Faded red-velvet curtains lined both walls. To both Lockwood and Karen, the spectacle was close to indescribable. Satan T. Bone strutted on the stage like a wild animal. His long, stringy black hair and the tattoos under his eyes made him ghoulish. He was, as Zeno had said, only about a hundred pounds, and was stripped to the waist, wearing leather pants. His nipple jewelry swung against his hairless, skinny, sweat-soaked chest. He harangued the audience, screaming and growling into the mike. Behind him, on the small stage, the other members of Baby Killer were beating on their instruments as if they hated them. Lockwood thought they didn't even seem to be playing the same song.
After each ghastly number, the audience would go wild, trying to rip out the seats and throw them, swinging each other around, leaping on the backs of the chairs.
Satan raised his arms like a drug-crazed Anti-Christ and drank in their adulation, screaming insults at them through the mike. "Eat shit, pus heads!" he screamed. "Swallow my cum!" Then he'd launch into another braying, discordant song, which seemed even more horrible than the last. All the lyrics were about death and dismemberment. Huge pictures of Charles Manson, John Wayne Gacy, and Jeffrey Dahmer hung from ropes in the center of the stage.
"They don't mean it, they're just kids having fun," Lockwood said sarcastically between numbers. They were looking for Tashay Roberts and hoped they could recognize the pretty blonde from her photograph in Zeno's office. At one point, two teenaged boys with spiked hair, tattoos, and pierces everywhere moved up to Lockwood and Karen.
"Twist a braid, dude," the larger one said.
"Whatever the hell that means." Lockwood smiled.
"It means get outta here, you don't belong. Get sideways, fuck-face." "What're you guys supposed to be, comedy relief?" Lockwood kept smiling.

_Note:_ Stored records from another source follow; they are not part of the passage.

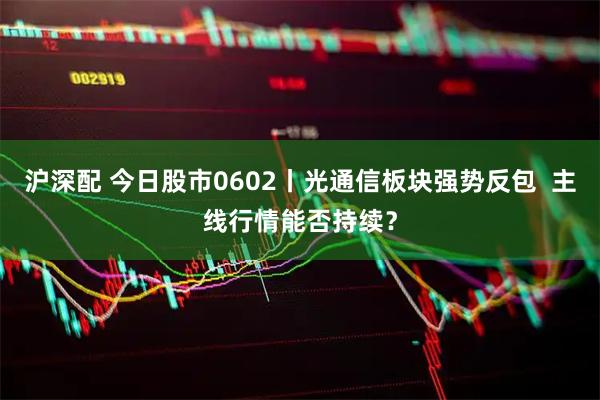 沪深配 今日股市0602丨光通信板块强势反包 主线行情能否持续?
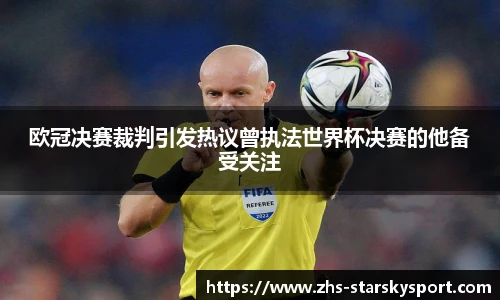 欧冠决赛裁判引发热议曾执法世界杯决赛的他备受关注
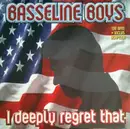 12inch Vinyl Single - Bassline Boys - I Deeply Regret That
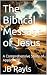 The Biblical Message of Jesus by JB Rayls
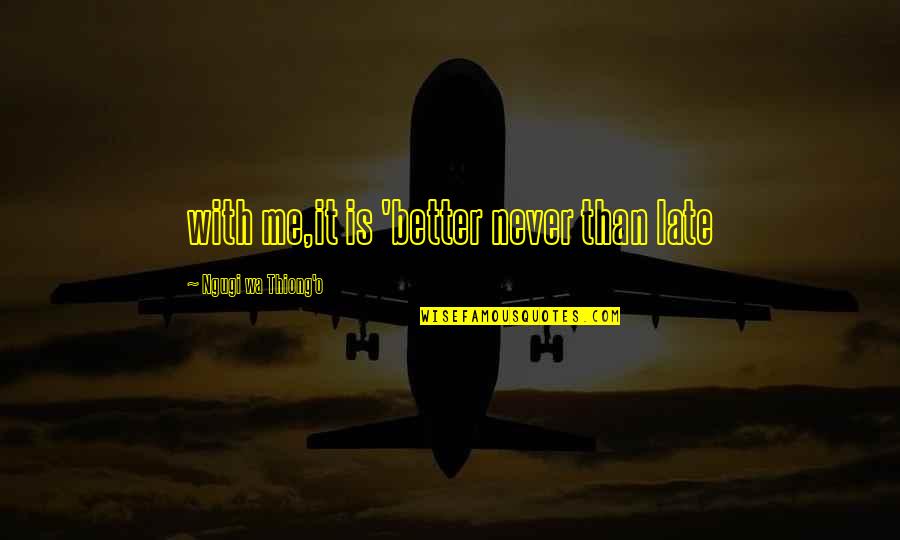 Late Never Quotes By Ngugi Wa Thiong'o: with me,it is 'better never than late Late Never Quotes By Ngugi Wa Thiong'o: with me,it is 'better never than late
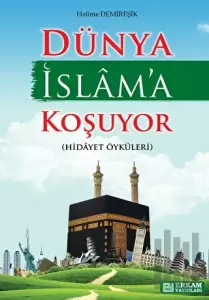 Dünya İslam'a Koşuyor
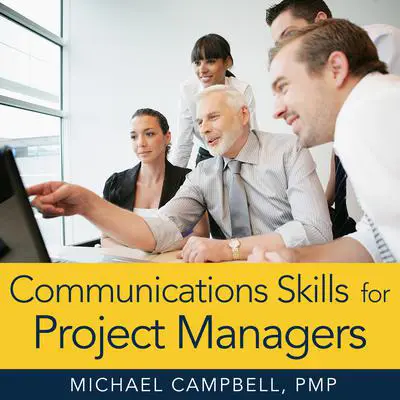 Communications Skills for Project Managers Audibook, by Michael Campbell
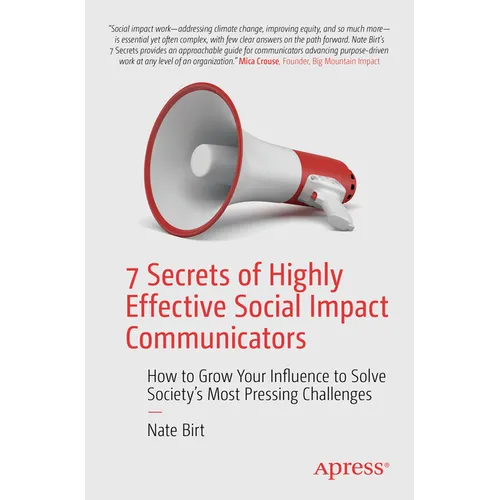 7 Secrets of Highly Effective Social Impact Communicators: How to Grow Your Influence to Solve Society's Most Pressing Challenges - Paperback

"Event Security," the bigger one said. "Go before you get wrecked." When Lockwood didn't move, he took a swing without warning. It was maybe the worst right cross Lockwood had ever seen. It was wide and so slow, he ducked under it by just bending his knees. Then he hit the boy with a vicious uppercut. He didn't need a follow-up punch; the boy woofed out stale air and sat down right where he was standing. The other bouncer looked at Lockwood.
"I suppose you want some of this too?" Lockwood said.
Satan had begun the next song; the noise level rose. The smaller boy held both palms up, moved backward, and disappeared out the front of the theater.
"I think we should wait at the stage door. I've seen enough of this to last me forever," Karen said.
"You'd think guys who looked this grungy could fight a little better," he said, as they moved through the lobby to the door.